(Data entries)

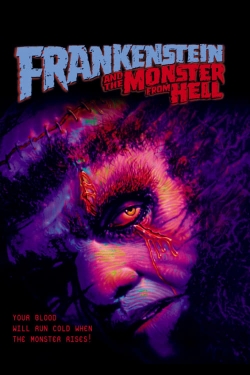 Watch Free Frankenstein and the Monster from Hell Movies Full HD Online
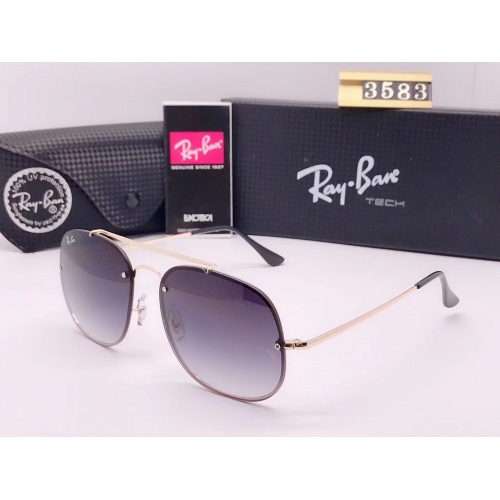 Cheap Ray Ban Fashion Sunglasses #488820 Replica Wholesale [$25.00 USD] [ITEM#488820] on Replica Ray Ban Sunglasses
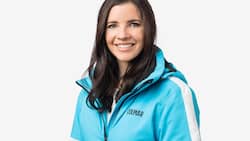 Neun Weltcup-Siege und Olympia-Bronze: Tina Weirather (34).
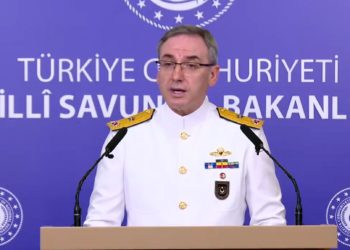 ΜΟΕ: Συνάντηση των Αρχηγών ΓΕΕΘΑ Ελλάδας και Τουρκίας στην Αλβανία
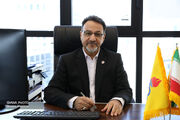 برنامه بهره‌برداری بیش از ۱۲ پروژه عملیاتی در شبکه انتقال گاز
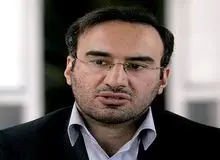 پاک آئین مدیرکل روابط عمومی مجلس شد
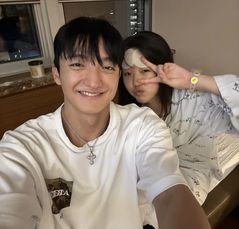 지예은·바타, 12월12일 결혼 "인생 함께 하기로"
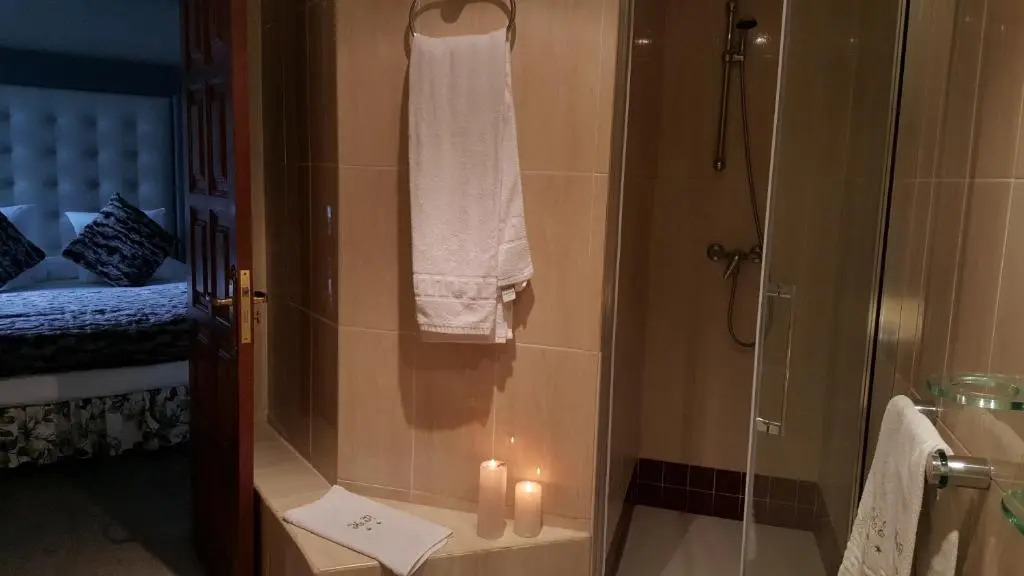 Hotel Presa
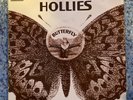 The Hollies Butterfly Vinyl Album, First Press, Psychedelic, PMC 7039 -1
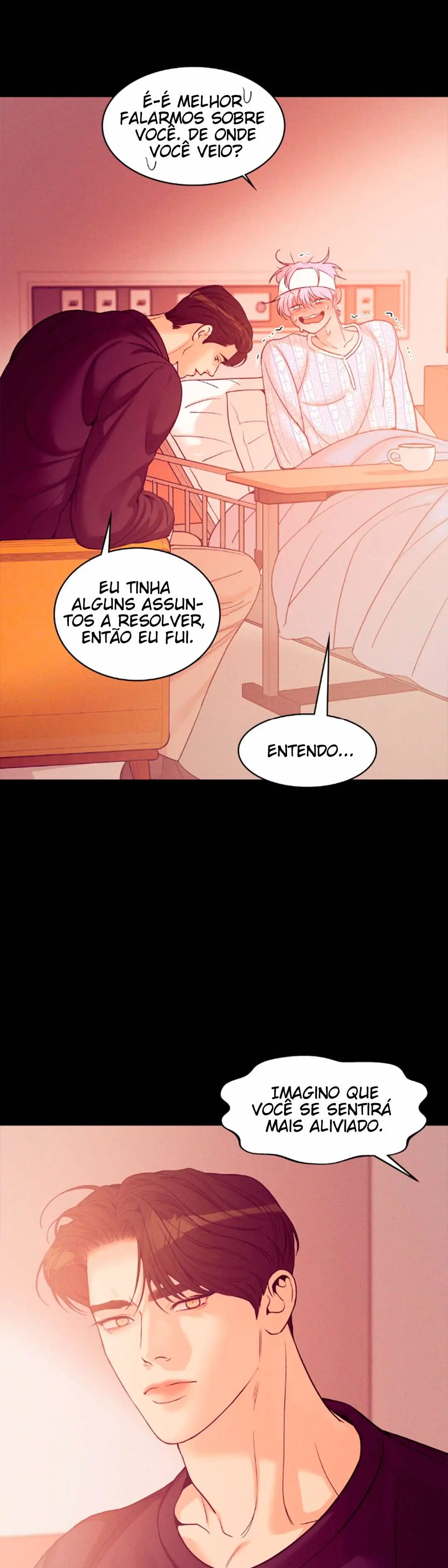 Shell Boy – Capítulo 02 Yaoi – Página 13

# REQUIRED WORK
Copy every record exactly, leaving the pictures out.

# EXPECTED ANSWER
 Watch Free Frankenstein and the Monster from Hell Movies Full HD Online
 Cheap Ray Ban Fashion Sunglasses #488820 Replica Wholesale [$25.00 USD] [ITEM#488820] on Replica Ray Ban Sunglasses
 Neun Weltcup-Siege und Olympia-Bronze: Tina Weirather (34).
 ΜΟΕ: Συνάντηση των Αρχηγών ΓΕΕΘΑ Ελλάδας και Τουρκίας στην Αλβανία
 برنامه بهره‌برداری بیش از ۱۲ پروژه عملیاتی در شبکه انتقال گاز
 پاک آئین مدیرکل روابط عمومی مجلس شد
 지예은·바타, 12월12일 결혼 "인생 함께 하기로"
 Hotel Presa
 The Hollies Butterfly Vinyl Album, First Press, Psychedelic, PMC 7039 -1
 Shell Boy – Capítulo 02 Yaoi – Página 13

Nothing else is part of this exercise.